Haben Sie bei der Gelegenheit schon einmal von den „Bäderzügen“ gehört?

Bis zum 11.07.1932 war die Vorortelinie auch für die Bevölkerung zugänglich, danach wurde der Personenverkehr eingestellt und die Gleise wurden nunmehr für den Güterverkehr genutzt. Wobei dies nicht ganz stimmt, da sporadisch die sogenannten „Bäderzüge“ die Wiener und Wienerinnen zwischen Juni und September zum Praterspitz an der Donauuferbahn brachten, aber selbstverständlich auch zu den neu eröffneten Freibädern wie beispielsweise das Kongressbad oder auch das Hohe Warte Bad.

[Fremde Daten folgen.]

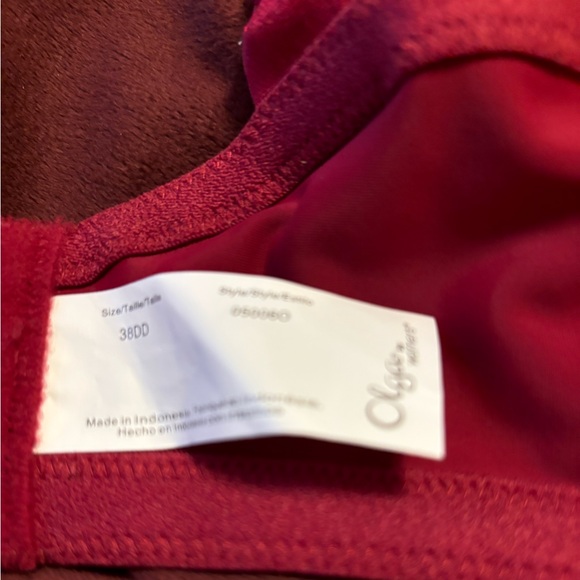 Olga Ladies Red Nwt Bra. Size 38DD - Picture 2 of 3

Den zweiten Weltkrieg haben die Stationen sowie das Gleisnetz fast unbeschadet überstanden. Nach ein paar Ausbesserungsarbeiten an den Stationen feierten Anfang der 1950er Jahre die „Bäderzüge“ wieder ihr Revival und brachten die Wiener an die Stadtgrenzen. Nur einige Jahre später wurden auch diese Züge eingestellt, und die Bahnhöfe fielen in den Dornröschenschlaf, da aufgrund finanzieller Einsparung kein Interesse bestand, die Linie für den Personenverkehr zu elektrifizieren.

Bis in die 1980er Jahre verfielen die Bahnhöfe enorm, ehe 1984 die Revitalisierung der Bahn beschlossen wurde.

Am 31.05.1987 war es letztendlich soweit, und die neue „S45“ wurde feierlich (wieder) eröffnet. Die historischen Stationen, welche von dem bedeutenden Architekten Otto Wagner geplant worden sind, wurden sachte restauriert, um die Pracht dieser Stationen bis hin zur Gegenwart zu erhalten. Dies ist sehr gut gelungen!

Einzig die Stationen „Breitensee“, welche einem Brand zu Opfer fiel und nur mehr die Ruinenreste übrig geblieben sind sowie die in den 1950er Jahre abgerissene Station „Ober Döbling“ wurden nach Vorbild Otto Wagner neu gebaut.

Die Station „Krottenbachstraße“, welche im einstigen Netz nicht vorhanden war, wurde neu gebaut.

Heute erinnern die prunkvollen Stationsgebäude noch an den Aufschwung der Industrialisierung und den Anfängen der -flächengreifenden Eisenbahnstrecken.